GOAL OF THE EXERCISE.
Transcribe exactly the entries from the "Jumbo Gift Label" line to the end, both included, minus pictures.

DATA PROVIDED.
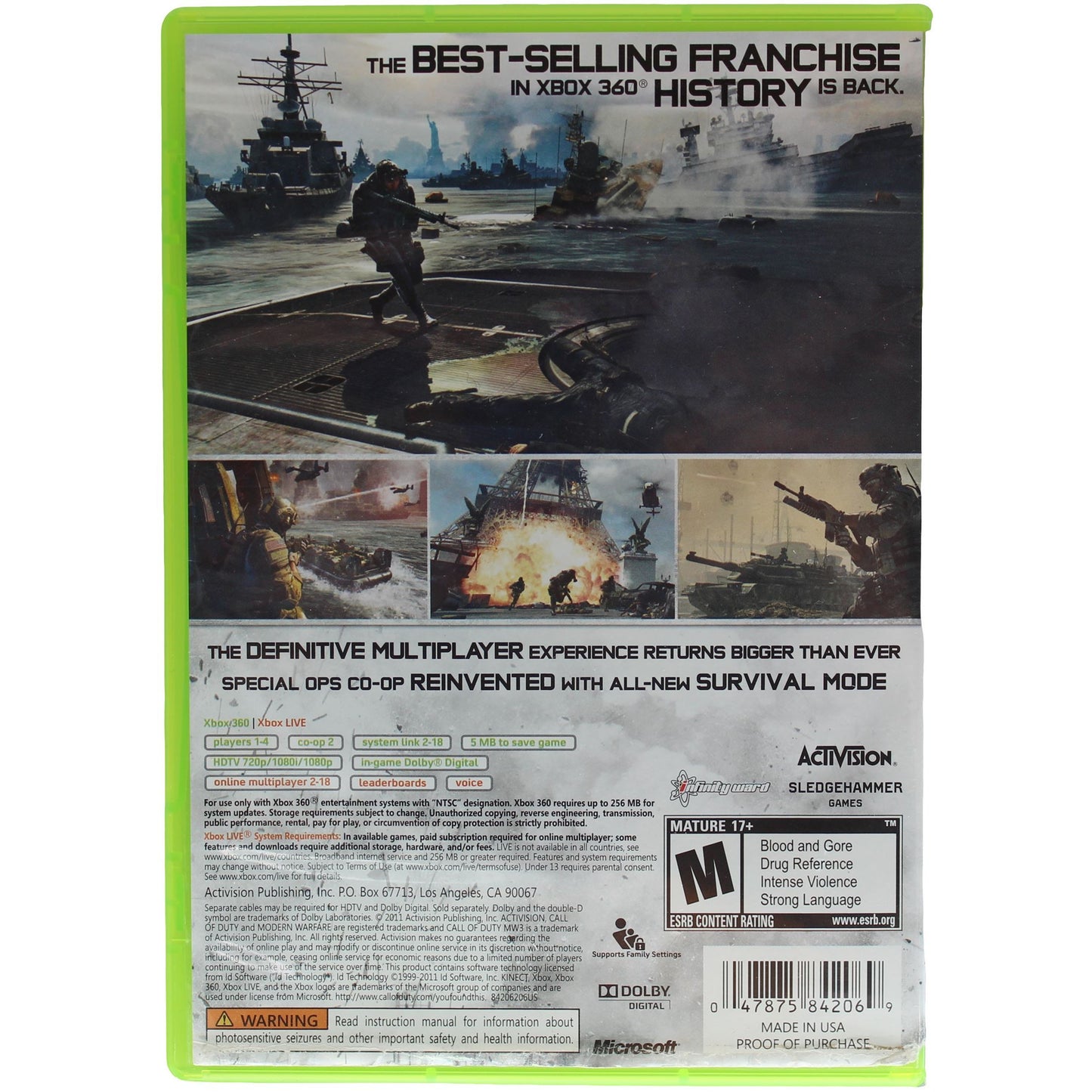 Call Of Duty: Modern Warfare 3 (Xbox 360)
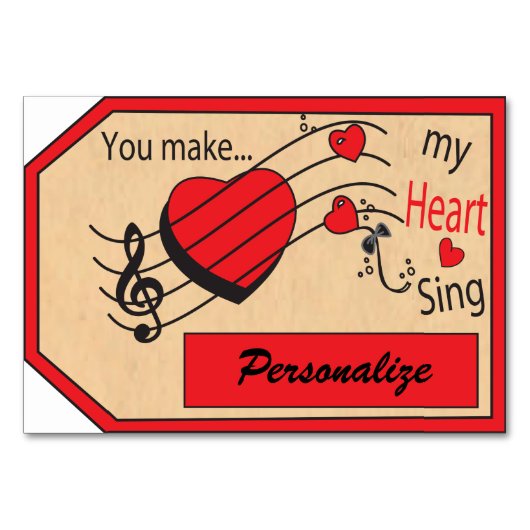 Jumbo Gift Label Je laat mijn hart zingen Kaart (Voorkant)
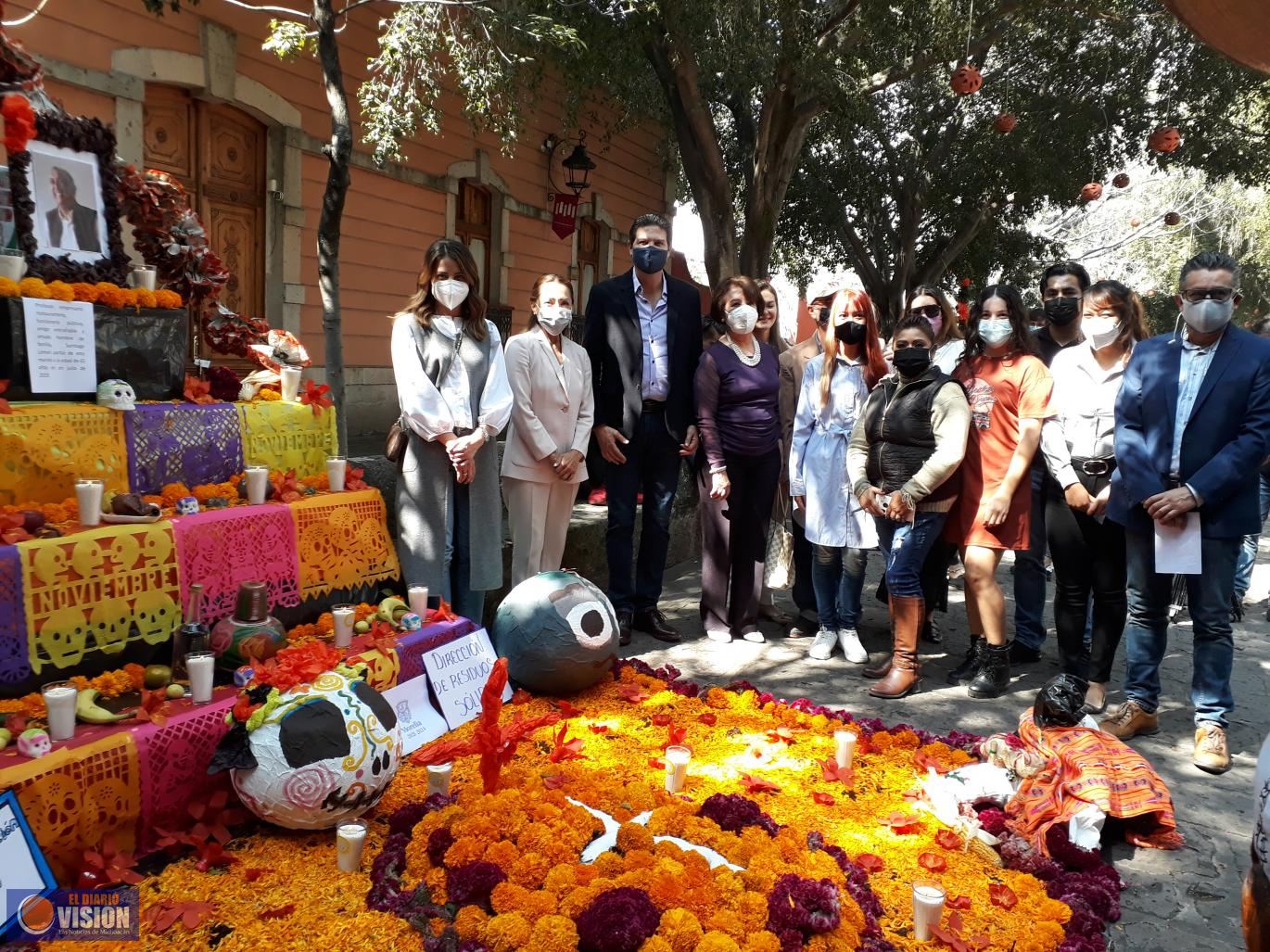 Colorido y Tradición, ofrecerá Morelia, durante noche de muertos 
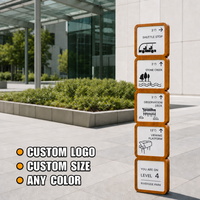 Panneau de signalisation de direction personnalisé pour hôpitaux, centres commerciaux, aéroports et halls de cliniques – Panneau d'orientation autonome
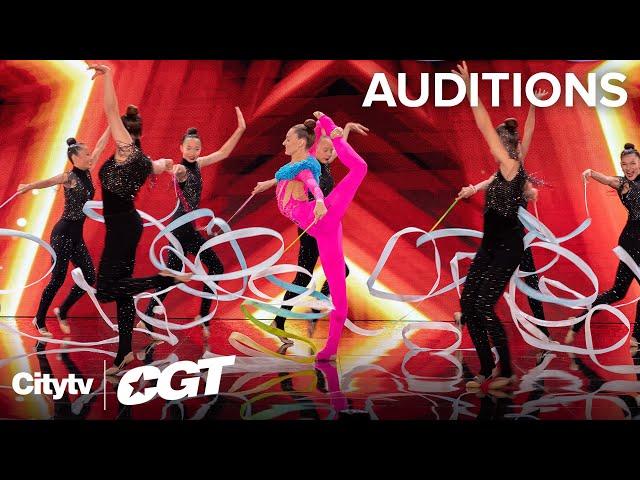 Rhythmic Gymnast Carmel Kallemaa is a Star on the CGT Stage! | Canada's Got Talent 2024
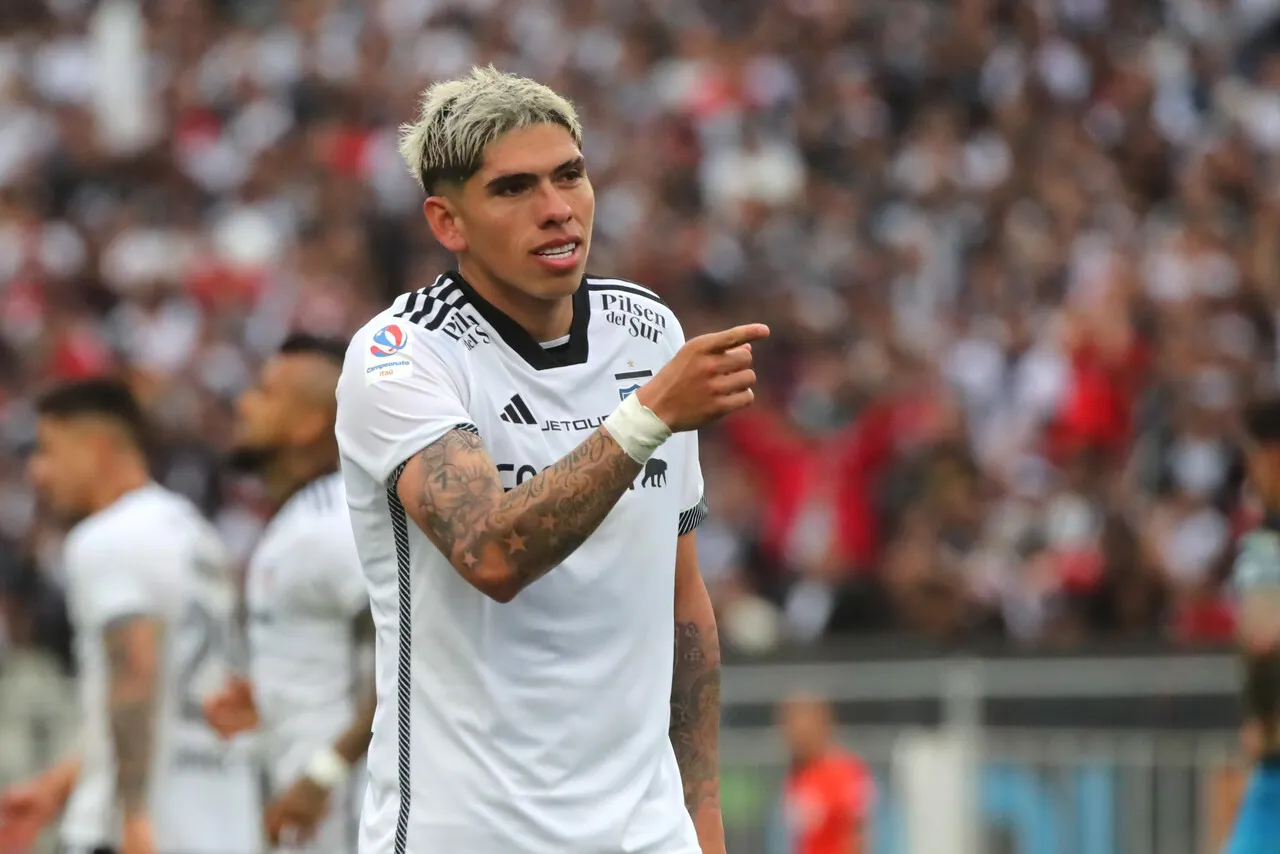 Palacios se fue de Colo Colo como campeón. | Foto: Photosport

REPLY.
 Jumbo Gift Label Je laat mijn hart zingen Kaart (Voorkant)
 Colorido y Tradición, ofrecerá Morelia, durante noche de muertos 
 Panneau de signalisation de direction personnalisé pour hôpitaux, centres commerciaux, aéroports et halls de cliniques – Panneau d'orientation autonome
 Rhythmic Gymnast Carmel Kallemaa is a Star on the CGT Stage! | Canada's Got Talent 2024
 Palacios se fue de Colo Colo como campeón. | Foto: Photosport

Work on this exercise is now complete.